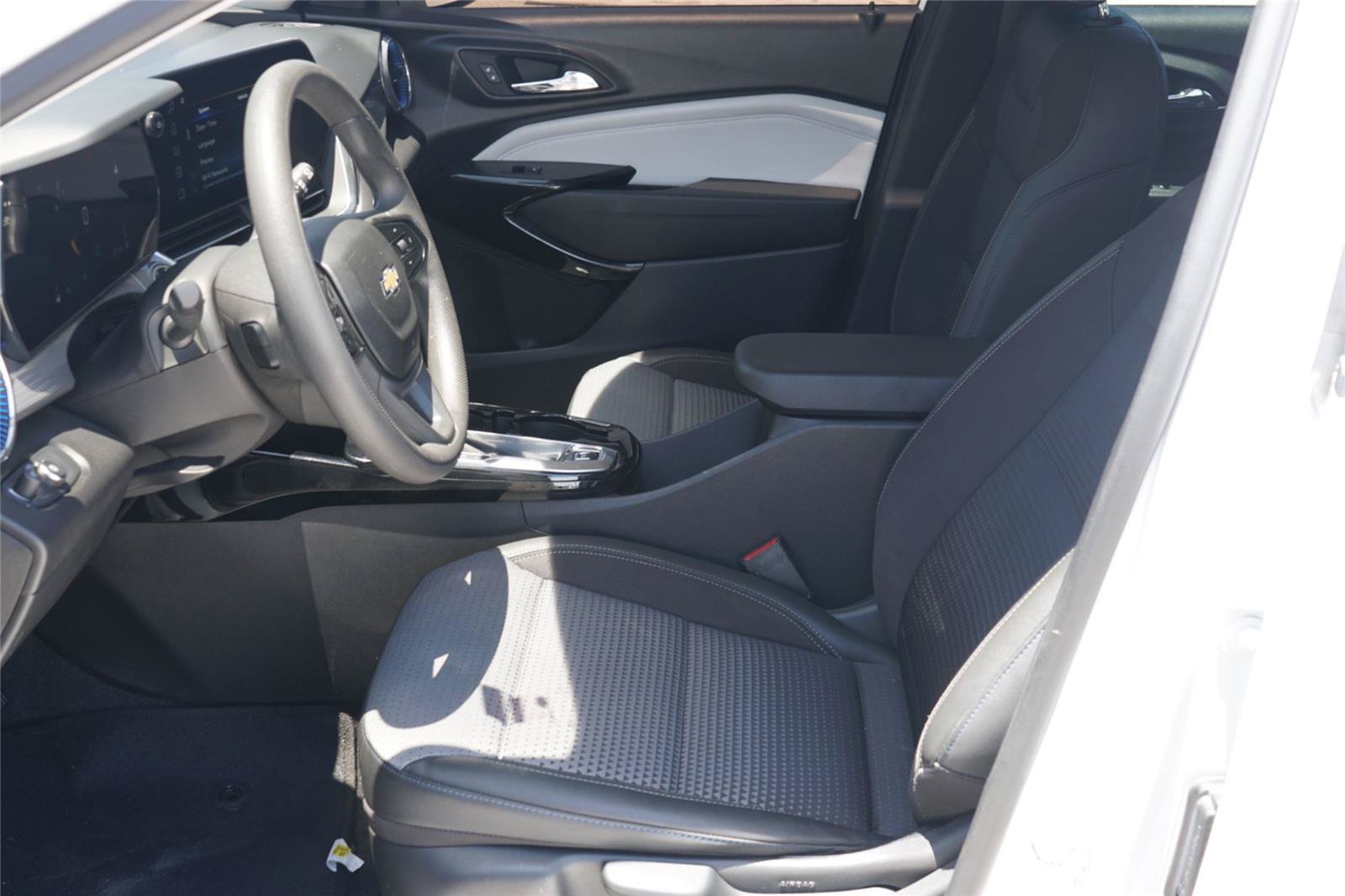 Used 2024 Chevrolet Trax LT FWD image 10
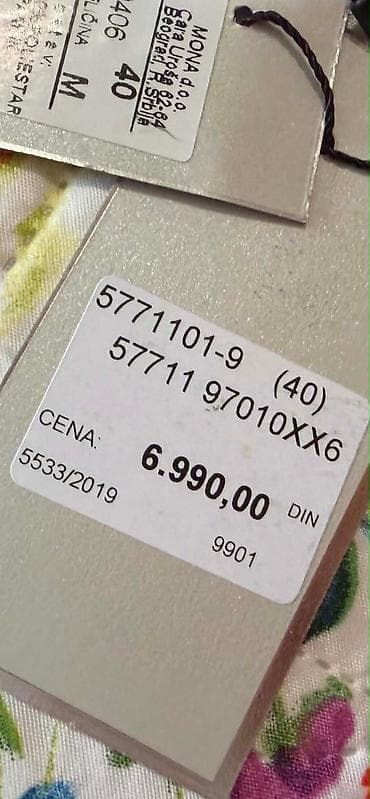 mona svecani kompleti: Potpuno nova Mona suknja sa etiketom Tergalka. Vidi se da je placena — 4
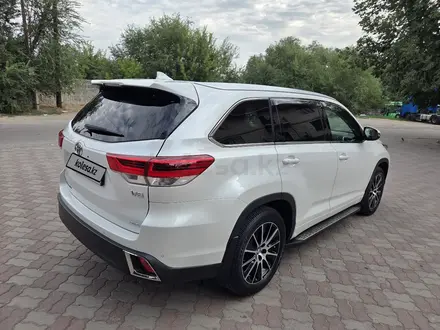 Toyota Highlander 2018 года за 22 700 000 тг. в Алматы – фото 5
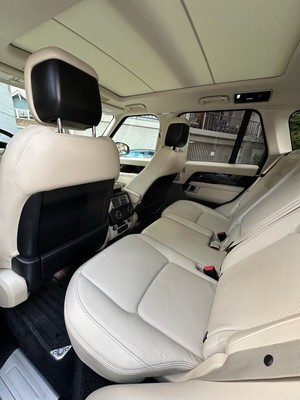 image 11 of interior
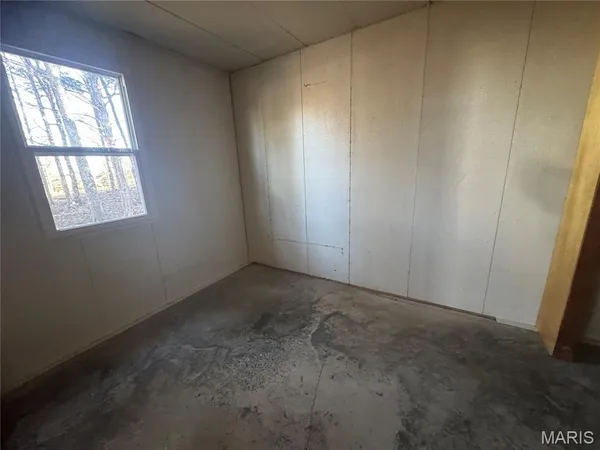 $180,000 | 42850 Maries Road 638, Dixon, MO 65459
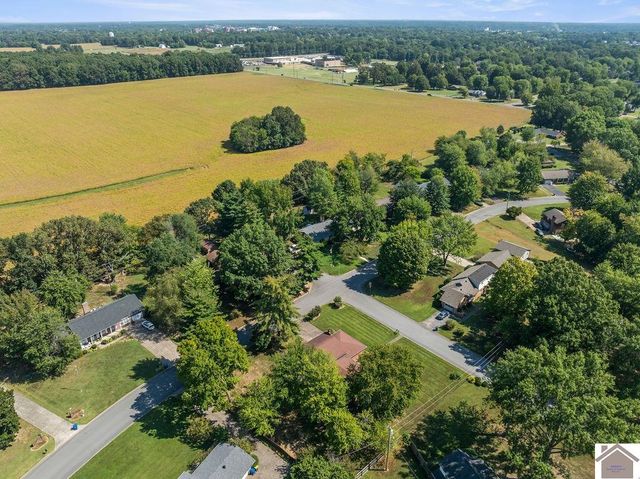 1000 Westgate Dr, Murray, KY 42071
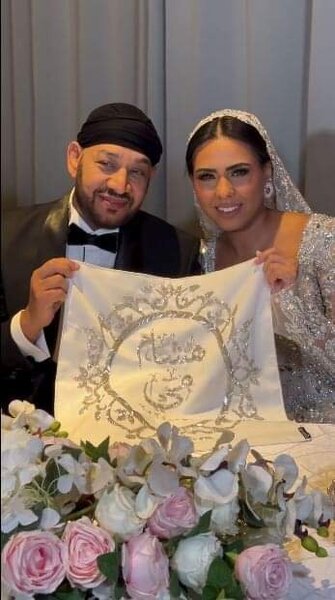 فستان مميز .. الصور الأولى من حفل زفاف ابنة عصام كاريكا (1).jpg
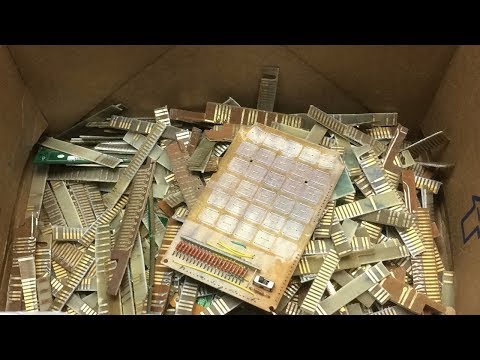 Снимал позолоту с ламелей и нашёл палладий.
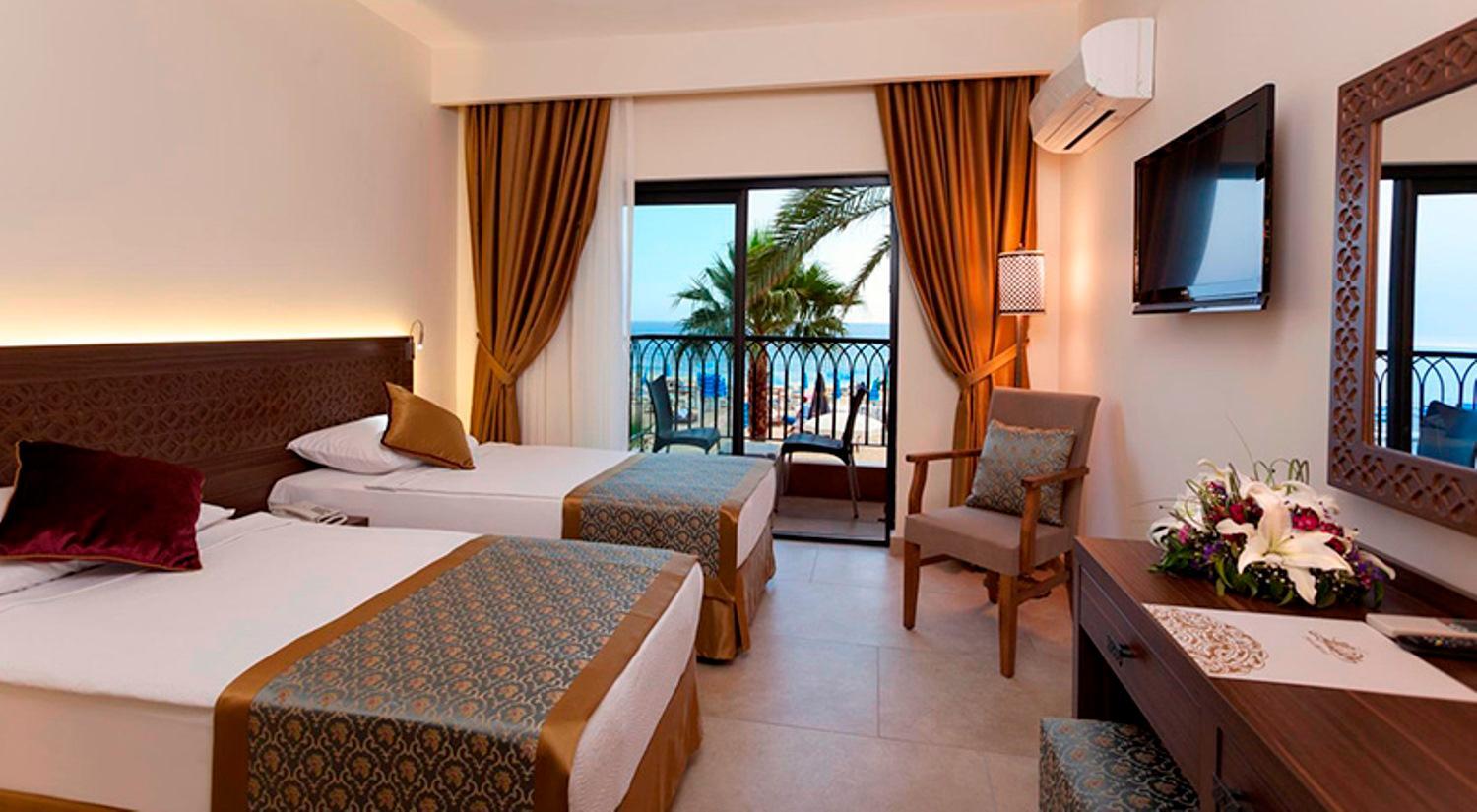 Alaaddin Beach Hotel - Adult Only 阿拉尼亚 外观 照片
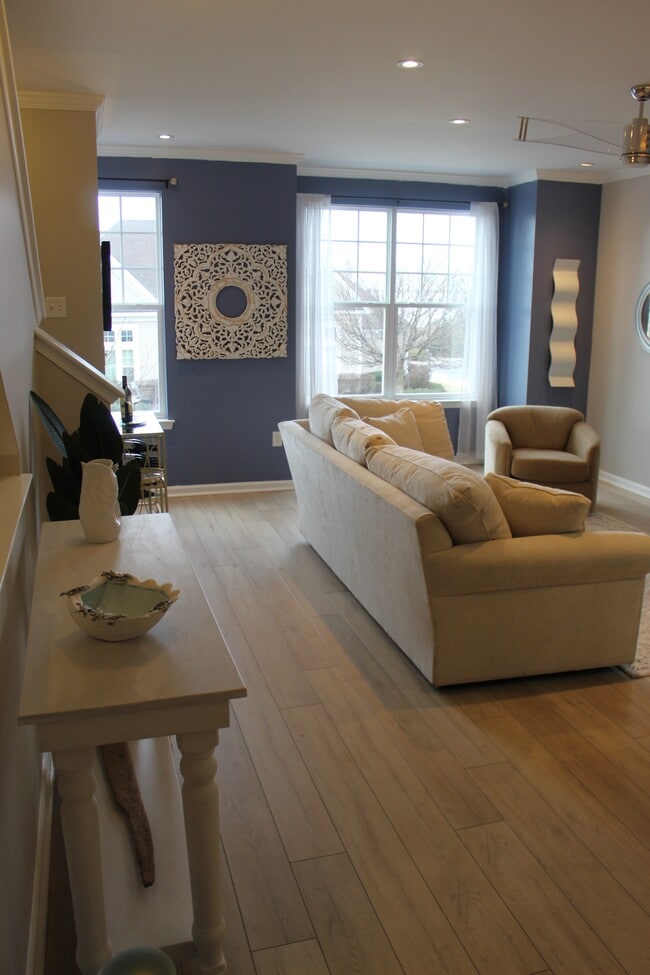 Living room - 324 Sanderling Ln Unit Kelly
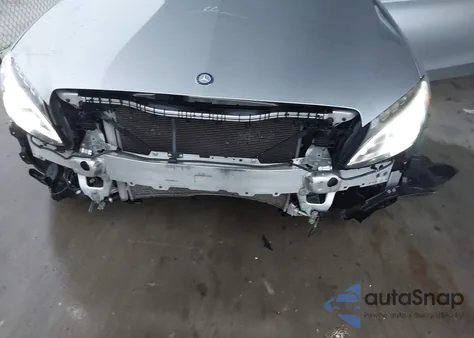 2016 Mercedes-Benz C 300 4Matic/Luxury 4Matic/Sport 4Matic из США, поврежденный, VIN 55SWF4KB1GU177049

_Work request:_ Copy out every line of the material above precisely, omitting the pictures.

_Solution to the exercise:_
 Used 2024 Chevrolet Trax LT FWD image 10
 mona svecani kompleti: Potpuno nova Mona suknja sa etiketom Tergalka. Vidi se da je placena — 4
 Toyota Highlander 2018 года за 22 700 000 тг. в Алматы – фото 5
 image 11 of interior
 $180,000 | 42850 Maries Road 638, Dixon, MO 65459
 1000 Westgate Dr, Murray, KY 42071
 فستان مميز .. الصور الأولى من حفل زفاف ابنة عصام كاريكا (1).jpg
 Снимал позолоту с ламелей и нашёл палладий.
 Alaaddin Beach Hotel - Adult Only 阿拉尼亚 外观 照片
 Living room - 324 Sanderling Ln Unit Kelly
 2016 Mercedes-Benz C 300 4Matic/Luxury 4Matic/Sport 4Matic из США, поврежденный, VIN 55SWF4KB1GU177049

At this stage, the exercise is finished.